# Antec MX-1 enclosure - $26.74 after rebate



## techm8n (Jan 3, 2008)

Order yours before everyone here takes them! :eek2:

Antec MX-1 $26.74 after rebate --> http://www.amazon.com/exec/obidos/t...t_shr?_encoding=UTF8&m=ATVPDKIKX0DER&v=glance

Enjoy!


----------



## Ken S (Feb 13, 2007)

Thank you for posting this. Nice deal (free shipping as well) and a solid product.


----------



## somekevinguy (Jan 7, 2008)

That figures.

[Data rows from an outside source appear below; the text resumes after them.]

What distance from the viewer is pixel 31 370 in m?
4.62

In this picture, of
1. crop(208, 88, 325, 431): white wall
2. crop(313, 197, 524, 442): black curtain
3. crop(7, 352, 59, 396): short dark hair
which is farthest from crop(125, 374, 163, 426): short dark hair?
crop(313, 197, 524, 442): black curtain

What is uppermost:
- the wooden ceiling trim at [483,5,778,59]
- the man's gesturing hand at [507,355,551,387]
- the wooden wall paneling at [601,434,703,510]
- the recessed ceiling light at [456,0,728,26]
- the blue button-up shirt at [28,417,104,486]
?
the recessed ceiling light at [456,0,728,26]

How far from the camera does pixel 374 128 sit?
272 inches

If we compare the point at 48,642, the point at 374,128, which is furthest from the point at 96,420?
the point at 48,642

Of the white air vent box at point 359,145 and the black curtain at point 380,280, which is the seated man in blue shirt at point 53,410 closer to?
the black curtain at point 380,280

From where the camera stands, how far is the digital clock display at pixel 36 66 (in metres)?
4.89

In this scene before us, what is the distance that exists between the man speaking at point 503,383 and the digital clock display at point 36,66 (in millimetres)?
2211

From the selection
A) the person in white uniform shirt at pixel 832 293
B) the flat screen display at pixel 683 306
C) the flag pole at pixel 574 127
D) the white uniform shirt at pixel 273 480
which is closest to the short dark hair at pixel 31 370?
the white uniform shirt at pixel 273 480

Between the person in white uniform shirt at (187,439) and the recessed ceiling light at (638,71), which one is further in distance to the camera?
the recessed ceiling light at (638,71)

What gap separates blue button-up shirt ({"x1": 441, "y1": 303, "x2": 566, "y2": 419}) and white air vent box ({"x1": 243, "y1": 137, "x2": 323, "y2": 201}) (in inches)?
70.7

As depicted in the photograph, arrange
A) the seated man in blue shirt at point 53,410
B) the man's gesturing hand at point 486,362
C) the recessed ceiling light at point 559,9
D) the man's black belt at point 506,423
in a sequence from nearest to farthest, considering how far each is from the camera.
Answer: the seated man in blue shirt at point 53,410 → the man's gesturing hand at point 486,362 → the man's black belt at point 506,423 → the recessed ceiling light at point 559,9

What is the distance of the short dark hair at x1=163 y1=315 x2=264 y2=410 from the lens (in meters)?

I just ordered mine from Amazon 4 days ago and it just showed up today.


----------



## rjf (Mar 9, 2007)

thanks for the heads up!


----------



## techm8n (Jan 3, 2008)

rjf said:


> thanks for the heads up!


Yup, no problem.


----------



## BK EH (Oct 3, 2005)

Awesome!


----------



## tbh999 (Dec 11, 2005)

Just ordered mine


----------



## Kansas Zephyr (Jun 30, 2007)

Would someone be kind enough to remind me how big the internal hard drive is in the HR20, please?

Thanks.


----------



## techm8n (Jan 3, 2008)

Kansas Zephyr said:


> Would someone be kind enough to remind me how big the internal hard drive is in the HR20, please?
> 
> Thanks.


It's either 300gb or 320gb.


----------